▸ **Goal of the exercise**:
Where the records below show a line containing "Chica entra el", start copying; end with the line containing "A small, tiled", and copy it too.

▸ **The input**:
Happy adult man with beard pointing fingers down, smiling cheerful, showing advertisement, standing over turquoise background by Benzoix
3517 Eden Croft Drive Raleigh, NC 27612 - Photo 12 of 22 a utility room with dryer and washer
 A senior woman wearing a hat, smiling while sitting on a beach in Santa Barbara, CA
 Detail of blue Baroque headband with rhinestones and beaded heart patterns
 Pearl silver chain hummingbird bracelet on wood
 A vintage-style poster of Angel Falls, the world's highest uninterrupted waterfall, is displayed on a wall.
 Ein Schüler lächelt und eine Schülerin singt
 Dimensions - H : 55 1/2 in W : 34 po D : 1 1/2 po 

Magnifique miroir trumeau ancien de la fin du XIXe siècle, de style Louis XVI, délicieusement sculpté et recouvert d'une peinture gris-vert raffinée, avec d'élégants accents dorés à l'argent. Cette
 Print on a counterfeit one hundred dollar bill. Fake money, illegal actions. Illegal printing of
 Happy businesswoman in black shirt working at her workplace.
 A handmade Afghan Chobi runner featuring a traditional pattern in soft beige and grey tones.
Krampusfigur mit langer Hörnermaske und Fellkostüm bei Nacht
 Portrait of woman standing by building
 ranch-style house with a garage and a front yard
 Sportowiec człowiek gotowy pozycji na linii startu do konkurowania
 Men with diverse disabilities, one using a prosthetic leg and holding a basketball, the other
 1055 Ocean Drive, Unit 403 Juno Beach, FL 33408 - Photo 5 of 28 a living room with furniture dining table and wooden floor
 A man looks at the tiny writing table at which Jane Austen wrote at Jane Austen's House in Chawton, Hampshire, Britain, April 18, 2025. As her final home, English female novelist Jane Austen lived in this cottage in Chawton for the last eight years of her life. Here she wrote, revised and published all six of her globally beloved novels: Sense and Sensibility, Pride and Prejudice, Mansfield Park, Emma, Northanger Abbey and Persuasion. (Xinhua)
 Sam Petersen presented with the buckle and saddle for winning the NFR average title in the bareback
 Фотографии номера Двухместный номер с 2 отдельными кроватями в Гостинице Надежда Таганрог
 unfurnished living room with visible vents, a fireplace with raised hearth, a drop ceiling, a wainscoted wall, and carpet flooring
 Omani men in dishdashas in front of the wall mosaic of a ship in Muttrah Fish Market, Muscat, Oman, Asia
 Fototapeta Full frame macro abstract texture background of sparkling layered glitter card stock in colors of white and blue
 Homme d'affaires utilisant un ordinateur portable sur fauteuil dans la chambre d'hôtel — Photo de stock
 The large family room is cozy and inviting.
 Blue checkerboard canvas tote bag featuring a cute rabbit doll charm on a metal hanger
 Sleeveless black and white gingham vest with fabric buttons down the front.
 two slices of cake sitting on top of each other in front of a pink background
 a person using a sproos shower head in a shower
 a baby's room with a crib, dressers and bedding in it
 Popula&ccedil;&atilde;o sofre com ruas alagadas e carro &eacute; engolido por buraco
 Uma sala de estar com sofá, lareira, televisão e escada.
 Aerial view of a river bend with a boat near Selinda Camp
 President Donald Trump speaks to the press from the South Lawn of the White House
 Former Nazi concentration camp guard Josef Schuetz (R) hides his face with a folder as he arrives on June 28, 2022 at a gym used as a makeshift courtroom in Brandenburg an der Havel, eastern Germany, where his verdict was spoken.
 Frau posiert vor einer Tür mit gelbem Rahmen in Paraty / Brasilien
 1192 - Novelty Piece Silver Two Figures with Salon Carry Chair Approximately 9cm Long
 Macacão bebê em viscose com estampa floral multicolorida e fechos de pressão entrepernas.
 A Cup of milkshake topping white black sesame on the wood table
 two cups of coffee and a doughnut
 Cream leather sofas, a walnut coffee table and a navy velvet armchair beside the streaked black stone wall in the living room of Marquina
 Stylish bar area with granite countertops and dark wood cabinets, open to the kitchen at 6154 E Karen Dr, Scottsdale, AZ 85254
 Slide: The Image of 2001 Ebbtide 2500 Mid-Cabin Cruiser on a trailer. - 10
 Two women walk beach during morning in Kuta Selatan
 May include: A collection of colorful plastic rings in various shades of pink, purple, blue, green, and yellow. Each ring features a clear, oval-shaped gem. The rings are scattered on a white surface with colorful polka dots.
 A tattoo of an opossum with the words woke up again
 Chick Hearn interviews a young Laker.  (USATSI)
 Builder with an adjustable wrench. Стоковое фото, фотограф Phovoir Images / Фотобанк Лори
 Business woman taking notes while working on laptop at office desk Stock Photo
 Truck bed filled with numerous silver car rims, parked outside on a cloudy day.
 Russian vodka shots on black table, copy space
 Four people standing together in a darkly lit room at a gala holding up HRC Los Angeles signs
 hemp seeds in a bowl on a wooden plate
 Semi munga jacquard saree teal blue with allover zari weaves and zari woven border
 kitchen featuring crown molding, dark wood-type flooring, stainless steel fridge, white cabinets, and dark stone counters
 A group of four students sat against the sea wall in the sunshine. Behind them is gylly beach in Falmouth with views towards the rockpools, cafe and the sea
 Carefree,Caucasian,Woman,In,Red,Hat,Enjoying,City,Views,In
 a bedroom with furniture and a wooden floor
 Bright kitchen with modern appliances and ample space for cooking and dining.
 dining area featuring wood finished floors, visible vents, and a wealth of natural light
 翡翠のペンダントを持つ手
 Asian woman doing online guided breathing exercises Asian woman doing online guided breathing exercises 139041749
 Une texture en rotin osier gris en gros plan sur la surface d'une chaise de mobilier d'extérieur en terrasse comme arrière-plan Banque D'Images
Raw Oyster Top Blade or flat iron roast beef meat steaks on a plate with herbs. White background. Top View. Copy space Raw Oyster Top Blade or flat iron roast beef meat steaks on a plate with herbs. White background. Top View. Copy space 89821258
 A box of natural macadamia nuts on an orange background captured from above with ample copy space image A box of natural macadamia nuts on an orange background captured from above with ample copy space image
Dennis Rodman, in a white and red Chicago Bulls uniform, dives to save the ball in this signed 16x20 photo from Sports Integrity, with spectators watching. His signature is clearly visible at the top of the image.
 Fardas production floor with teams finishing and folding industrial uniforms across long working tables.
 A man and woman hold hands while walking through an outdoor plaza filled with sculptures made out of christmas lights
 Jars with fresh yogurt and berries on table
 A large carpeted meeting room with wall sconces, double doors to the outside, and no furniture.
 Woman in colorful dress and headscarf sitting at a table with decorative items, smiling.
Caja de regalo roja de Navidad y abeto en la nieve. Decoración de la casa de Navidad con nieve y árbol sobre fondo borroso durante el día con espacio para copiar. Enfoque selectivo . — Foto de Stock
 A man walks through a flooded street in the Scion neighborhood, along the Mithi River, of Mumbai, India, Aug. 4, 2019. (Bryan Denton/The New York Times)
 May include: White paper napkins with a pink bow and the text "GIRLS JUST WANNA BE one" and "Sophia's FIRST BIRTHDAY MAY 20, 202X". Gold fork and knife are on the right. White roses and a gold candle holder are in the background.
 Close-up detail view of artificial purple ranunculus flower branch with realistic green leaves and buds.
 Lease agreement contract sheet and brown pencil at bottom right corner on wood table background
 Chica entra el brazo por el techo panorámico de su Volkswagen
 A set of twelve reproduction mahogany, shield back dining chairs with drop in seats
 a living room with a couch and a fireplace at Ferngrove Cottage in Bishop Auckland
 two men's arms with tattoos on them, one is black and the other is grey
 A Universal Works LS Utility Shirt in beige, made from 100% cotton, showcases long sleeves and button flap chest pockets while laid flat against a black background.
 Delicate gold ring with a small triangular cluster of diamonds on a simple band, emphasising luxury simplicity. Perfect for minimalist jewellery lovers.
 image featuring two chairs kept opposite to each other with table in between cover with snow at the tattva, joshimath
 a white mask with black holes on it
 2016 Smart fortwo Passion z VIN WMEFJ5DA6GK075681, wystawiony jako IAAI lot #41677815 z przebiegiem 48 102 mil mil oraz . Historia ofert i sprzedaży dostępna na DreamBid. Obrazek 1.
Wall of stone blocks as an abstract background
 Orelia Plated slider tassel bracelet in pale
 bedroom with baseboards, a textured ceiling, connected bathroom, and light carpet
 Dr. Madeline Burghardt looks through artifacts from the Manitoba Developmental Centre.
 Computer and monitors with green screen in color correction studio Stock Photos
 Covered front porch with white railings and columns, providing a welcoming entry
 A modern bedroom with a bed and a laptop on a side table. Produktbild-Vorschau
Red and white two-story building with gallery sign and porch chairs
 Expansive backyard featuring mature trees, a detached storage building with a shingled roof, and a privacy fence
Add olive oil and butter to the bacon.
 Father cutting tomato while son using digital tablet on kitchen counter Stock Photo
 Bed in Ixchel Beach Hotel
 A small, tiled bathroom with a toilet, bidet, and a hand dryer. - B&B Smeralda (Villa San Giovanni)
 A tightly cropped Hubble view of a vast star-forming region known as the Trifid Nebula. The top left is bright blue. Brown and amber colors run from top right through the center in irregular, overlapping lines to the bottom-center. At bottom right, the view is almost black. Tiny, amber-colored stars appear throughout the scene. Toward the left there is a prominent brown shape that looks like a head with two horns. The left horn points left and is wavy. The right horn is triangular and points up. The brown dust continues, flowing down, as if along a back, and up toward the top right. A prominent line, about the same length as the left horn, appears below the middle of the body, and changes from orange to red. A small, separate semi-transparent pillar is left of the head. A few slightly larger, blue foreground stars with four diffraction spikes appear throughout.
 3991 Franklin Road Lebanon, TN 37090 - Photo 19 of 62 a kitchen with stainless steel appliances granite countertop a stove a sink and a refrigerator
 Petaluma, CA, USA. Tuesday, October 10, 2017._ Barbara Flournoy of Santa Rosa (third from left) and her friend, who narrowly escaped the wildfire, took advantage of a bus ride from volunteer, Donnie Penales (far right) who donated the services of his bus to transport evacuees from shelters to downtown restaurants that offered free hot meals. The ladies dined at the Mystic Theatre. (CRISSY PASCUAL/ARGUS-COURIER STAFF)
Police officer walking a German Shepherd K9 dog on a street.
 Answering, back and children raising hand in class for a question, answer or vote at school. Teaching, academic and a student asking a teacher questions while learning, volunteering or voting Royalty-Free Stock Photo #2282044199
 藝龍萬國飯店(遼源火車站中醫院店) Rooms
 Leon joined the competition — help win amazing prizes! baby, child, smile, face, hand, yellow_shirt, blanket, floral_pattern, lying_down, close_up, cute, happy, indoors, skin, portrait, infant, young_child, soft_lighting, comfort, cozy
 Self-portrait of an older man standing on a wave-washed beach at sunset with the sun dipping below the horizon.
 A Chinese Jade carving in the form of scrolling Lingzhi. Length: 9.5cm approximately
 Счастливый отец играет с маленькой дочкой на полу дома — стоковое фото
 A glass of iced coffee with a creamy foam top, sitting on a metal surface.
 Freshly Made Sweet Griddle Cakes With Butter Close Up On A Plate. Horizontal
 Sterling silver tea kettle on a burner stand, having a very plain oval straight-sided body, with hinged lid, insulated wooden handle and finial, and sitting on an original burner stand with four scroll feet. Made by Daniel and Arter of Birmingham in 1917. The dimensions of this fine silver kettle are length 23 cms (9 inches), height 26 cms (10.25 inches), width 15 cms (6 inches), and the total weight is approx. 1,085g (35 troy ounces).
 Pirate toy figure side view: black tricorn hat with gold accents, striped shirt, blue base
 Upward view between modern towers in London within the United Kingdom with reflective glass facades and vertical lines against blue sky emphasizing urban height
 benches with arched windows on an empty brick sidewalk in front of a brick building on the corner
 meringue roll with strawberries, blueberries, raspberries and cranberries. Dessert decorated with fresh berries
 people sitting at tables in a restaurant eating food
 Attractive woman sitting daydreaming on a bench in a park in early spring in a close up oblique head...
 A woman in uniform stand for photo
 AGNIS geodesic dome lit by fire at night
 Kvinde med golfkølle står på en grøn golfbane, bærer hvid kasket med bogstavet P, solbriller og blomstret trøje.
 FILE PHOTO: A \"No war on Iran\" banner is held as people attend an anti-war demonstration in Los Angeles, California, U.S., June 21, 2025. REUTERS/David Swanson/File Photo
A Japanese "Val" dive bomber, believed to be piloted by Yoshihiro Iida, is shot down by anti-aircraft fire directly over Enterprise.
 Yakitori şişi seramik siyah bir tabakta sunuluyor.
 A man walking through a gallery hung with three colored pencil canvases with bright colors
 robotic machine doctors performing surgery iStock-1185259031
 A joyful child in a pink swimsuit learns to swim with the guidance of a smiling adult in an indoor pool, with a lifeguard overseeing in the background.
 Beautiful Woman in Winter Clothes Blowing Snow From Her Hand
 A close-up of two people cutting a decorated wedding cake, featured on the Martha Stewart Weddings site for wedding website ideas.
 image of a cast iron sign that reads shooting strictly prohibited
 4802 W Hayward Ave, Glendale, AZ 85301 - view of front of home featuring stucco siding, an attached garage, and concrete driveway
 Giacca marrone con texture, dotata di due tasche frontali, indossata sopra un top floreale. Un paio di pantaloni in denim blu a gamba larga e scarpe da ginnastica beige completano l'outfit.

▸ **Answer to this task**:
 Chica entra el brazo por el techo panorámico de su Volkswagen
 A set of twelve reproduction mahogany, shield back dining chairs with drop in seats
 a living room with a couch and a fireplace at Ferngrove Cottage in Bishop Auckland
 two men's arms with tattoos on them, one is black and the other is grey
 A Universal Works LS Utility Shirt in beige, made from 100% cotton, showcases long sleeves and button flap chest pockets while laid flat against a black background.
 Delicate gold ring with a small triangular cluster of diamonds on a simple band, emphasising luxury simplicity. Perfect for minimalist jewellery lovers.
 image featuring two chairs kept opposite to each other with table in between cover with snow at the tattva, joshimath
 a white mask with black holes on it
 2016 Smart fortwo Passion z VIN WMEFJ5DA6GK075681, wystawiony jako IAAI lot #41677815 z przebiegiem 48 102 mil mil oraz . Historia ofert i sprzedaży dostępna na DreamBid. Obrazek 1.
Wall of stone blocks as an abstract background
 Orelia Plated slider tassel bracelet in pale
 bedroom with baseboards, a textured ceiling, connected bathroom, and light carpet
 Dr. Madeline Burghardt looks through artifacts from the Manitoba Developmental Centre.
 Computer and monitors with green screen in color correction studio Stock Photos
 Covered front porch with white railings and columns, providing a welcoming entry
 A modern bedroom with a bed and a laptop on a side table. Produktbild-Vorschau
Red and white two-story building with gallery sign and porch chairs
 Expansive backyard featuring mature trees, a detached storage building with a shingled roof, and a privacy fence
Add olive oil and butter to the bacon.
 Father cutting tomato while son using digital tablet on kitchen counter Stock Photo
 Bed in Ixchel Beach Hotel
 A small, tiled bathroom with a toilet, bidet, and a hand dryer. - B&B Smeralda (Villa San Giovanni)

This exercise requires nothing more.